According to the statistical study, Juan Manuel Fangio's F1's best of all time By Unknown - Museo Juan Manuel Fangio, reimpreso en "La fotografía en la historia argentina", Tomo I, Clarín, ISBN 950-782-643-2, Public Domain, https://commons. wikimedia.org/w/index.php? curid=3934090 |
The first few on the study's all-time driver ranking - Juan Manuel Fangio top, followed by Alain Prost, Fernando Alonso, Jim Clark and Jackie Stewart - are hardly hideous. Michael Schumacher appeared low in ninth but when he was considered from before his first retirement in 2006 only he shot up to third, which again looked fair enough (as an aside, a curiosity about the reporting of this study is that there is more than one list floating about, in addition to the pre/post Schumi lists the one presented in the academic paper has Alonso sixth rather than his widely-reported placing of third, and it's not explained by the Schumi shift apparently as the Daily Mail article at least shows Alonso fourth when Schumi from 2006 and before only is considered).
But then it gets patchy. Stirling Moss is but 35th in the ranking (some 12 places behind Marc Surer) while the likes of Niki Lauda, Nigel Mansell, Alberto Ascari, Jochen Rindt and Gilles Villeneuve are simply nowhere to be seen in the top 50. It all gets, um, a little more interesting too as Christian Fittipaldi is in the elevated position of 12th best driver ever while the luminary that is Louis Rosier is placed 19th. And unless this pair were against just about all assessments in fact secret F1 geniuses never given their break in a good car - in addition to the drivers listed above being actually vastly over-rated, again contrary most assessments - it would seem the study has some shortcomings.
So what's going on? Having read the headlines, and heard the ire in response, I sought out the fuller academic paper on this study, called Formula for success: Multilevel modelling of Formula One Driver and Constructor performance, 1950-2014 - which is available online. Back in my university days I did for a brief spell similar sorts of statistical modelling (though about politics, rather than about F1 - and as with many things done at uni it seems rather distant now some years on) and this I thought combined with my F1 knowledge (stop laughing at the back) would give me a good chance of understanding what they had actually done and therefore by extension how they had come up with their ranking.
In the paper's own words the scientific model aims to "find out which driver, controlling for the team that they drive for, is the greatest of all time". It also seeks to judge how the influence of the team as opposed to the driver alone in F1 success has varied over time (it's grown, unsurprisingly) as well as in a slightly curious detour looks at who is the best wet-weather driver (they conclude it's still Fangio) and the best on specific types of track such as permanent and street circuits.
Yet the first thing to keep in mind in all of this is that for all of its merits, and as outlined sometimes sheer reverence, science cannot do magic. And any scientific model is only as good as the data fed into it, as well as is only as good as its assumptions applied. Garbage in; garbage out, as the phrase goes.
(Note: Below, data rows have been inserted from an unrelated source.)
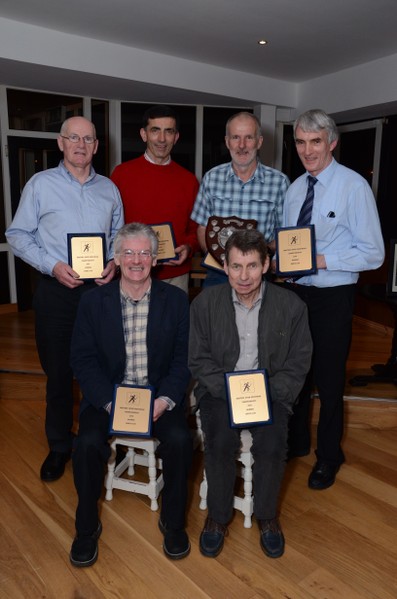 Masters Interpros – Galway 2014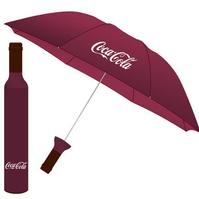 2011hot sell,wine bottle umbrella,bottle umbrella,gifts 
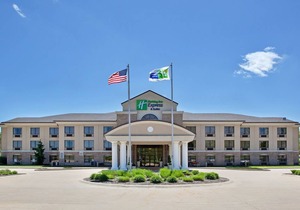 Holiday Inn Express Hotel & Suites Wadsworth, an IHG Hotel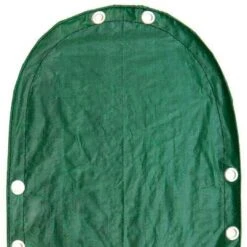 Leslie's - Deluxe 15 Ft Round Above Ground Winter Cover, 12-Year Warranty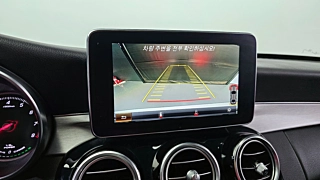 MERCEDES BENZ C-CLASS W205 2018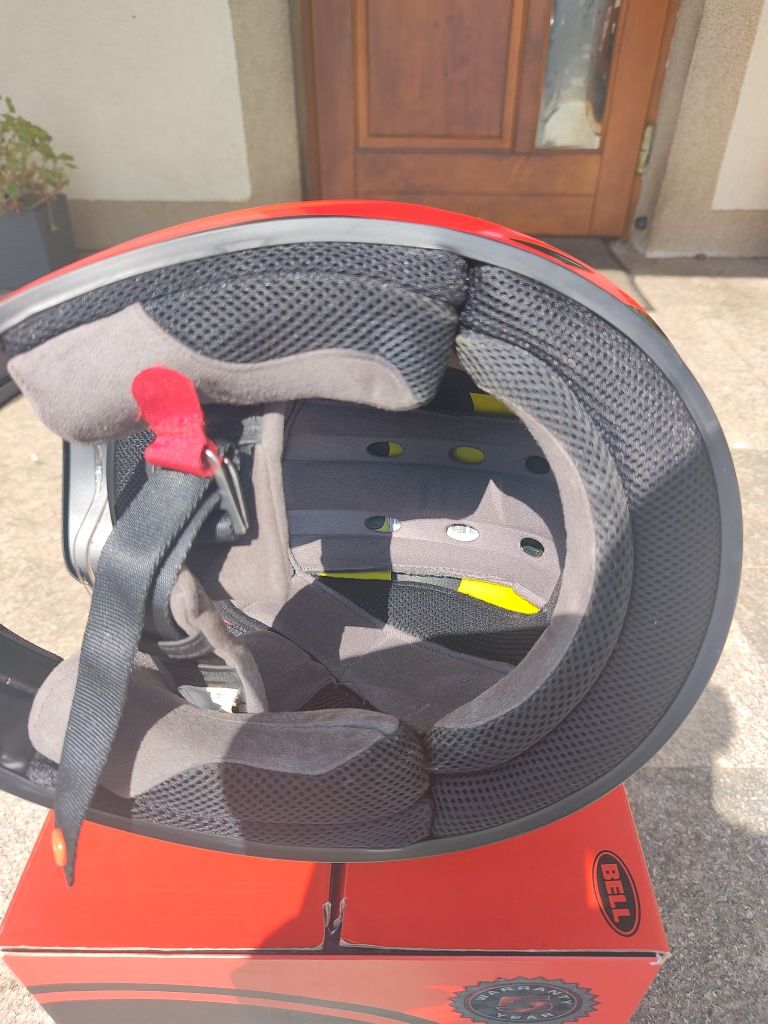 Kask Bell Mx-9 adventure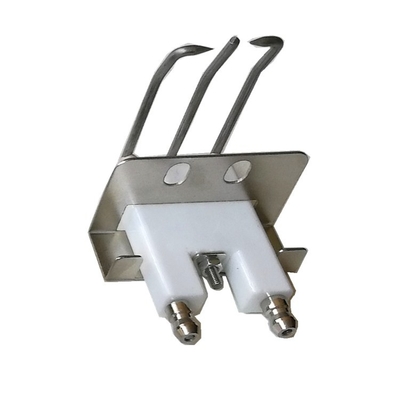 Ceramics Magno Ignition Pin 3 Nadel-Zündelektrode für Gasbrenner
And there's some of it here. You don't have to read too long into the paper to find our first potential sticking point. If you thought the study had access to some mysterious data we'd never clapped eyes on before then you're wrong, the 'outcome' they use as their measure of greatness in their model - the 'dependent variable' as scientists call it - are the championship points each driver has scored in F1.
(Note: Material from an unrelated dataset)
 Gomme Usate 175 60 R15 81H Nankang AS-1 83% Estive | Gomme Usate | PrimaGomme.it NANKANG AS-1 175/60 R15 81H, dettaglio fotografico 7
10-6-4-3-2-1) with fractions used for finishing positions lower than sixth, and the size of the overall field which has varied over time is controlled for. All of which is fair enough. Using points and finishes as your measure also has the benefit of completeness, given all F1 world championship results since the start of the championship in 1950 are easily accessed.
Yet some thinking about it all uncovers problems. As I outlined in a recent article for Grand Prix Times even the measure of finishing and points totals can be a crude, perhaps misleading, measure of driving quality, given the influence of dumb luck. As I demonstrated too in an article for Vital F1 last year the proportion of F1 cars that reach the end of races has increased over time, given cars' reliability and general robustness has improved, while perhaps too modern circuits don't punish error as ruthlessly. So it's not a consistent measure on this front either.
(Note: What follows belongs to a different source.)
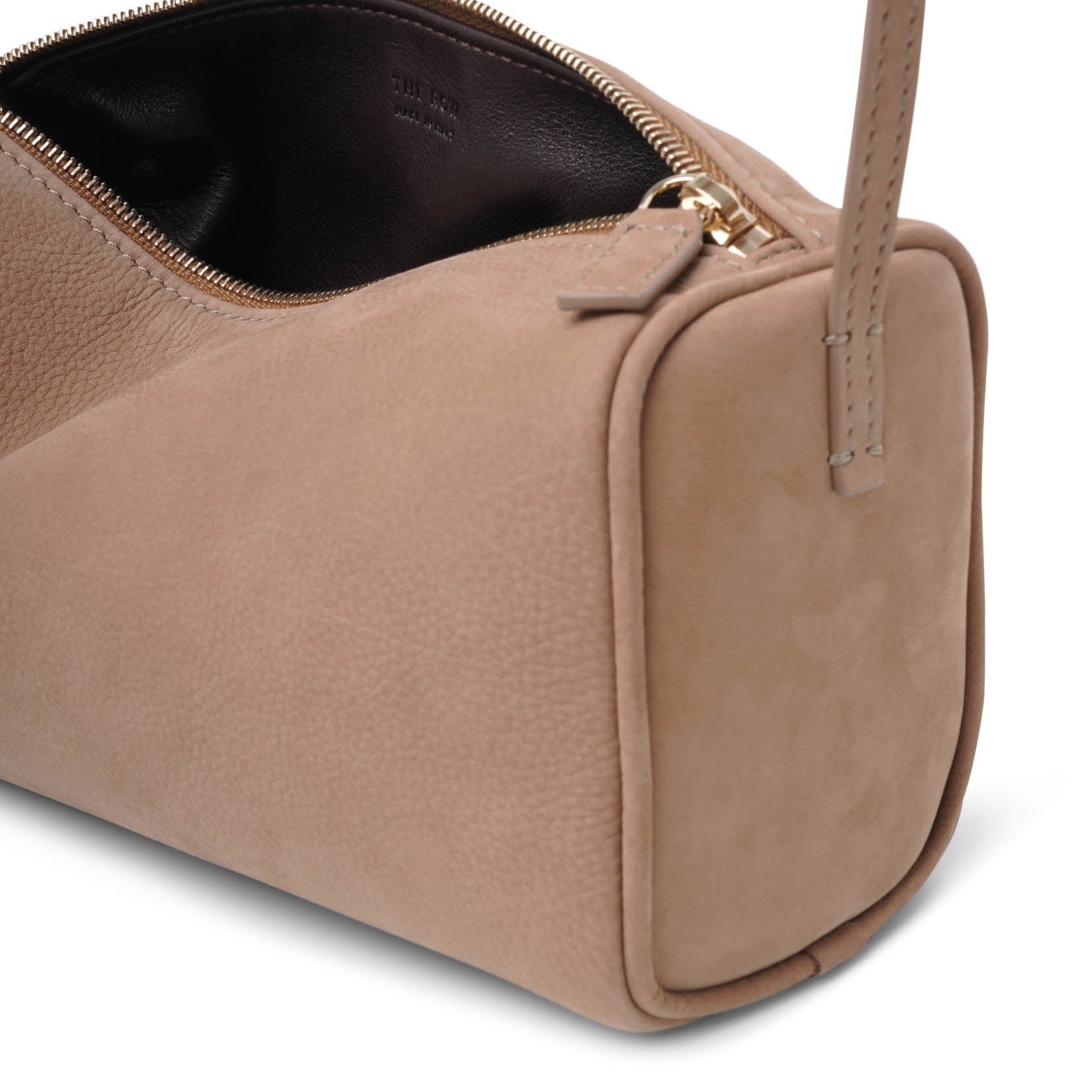 90s tundra nubuck bag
And the paper explains also that failures to finish are treated pitilessly by the model, in effect as low finishing places. If you retired first from a race for the purposes of this study you finished last.
The academics in the paper claim to account for this though. "We do not need to treat driver failures and team/car failures differently" it says, "the model will automatically apportion the latter into the team or team-year levels so they will not unfairly penalise a driver who suffers such failing".
I'll explain more of this later but here, in other words, it seems to assume that all cars within the same team will have the same reliability, so the model will only punish a driver if they have more DNFs than their stable mate, and if that's the case that'll be because of something the driver's doing wrong. It's better than nothing I suppose but it doesn't necessarily cover everything, given for example that for much of the sport's past it was demonstrable that the 'number 2' machine in a team would have less care and attention and therefore would make the finish less often. This applies especially to teams with lower budgets, but even at the front, and even in the modern age, some of us have been given cause to muse "why does it always happen to Rubens? To Felipe? To Kimi?" Sheer random chance of mechanical woe we've mentioned too. Whatever is the case, the cruise and collect pilots in this study are rather generously rewarded.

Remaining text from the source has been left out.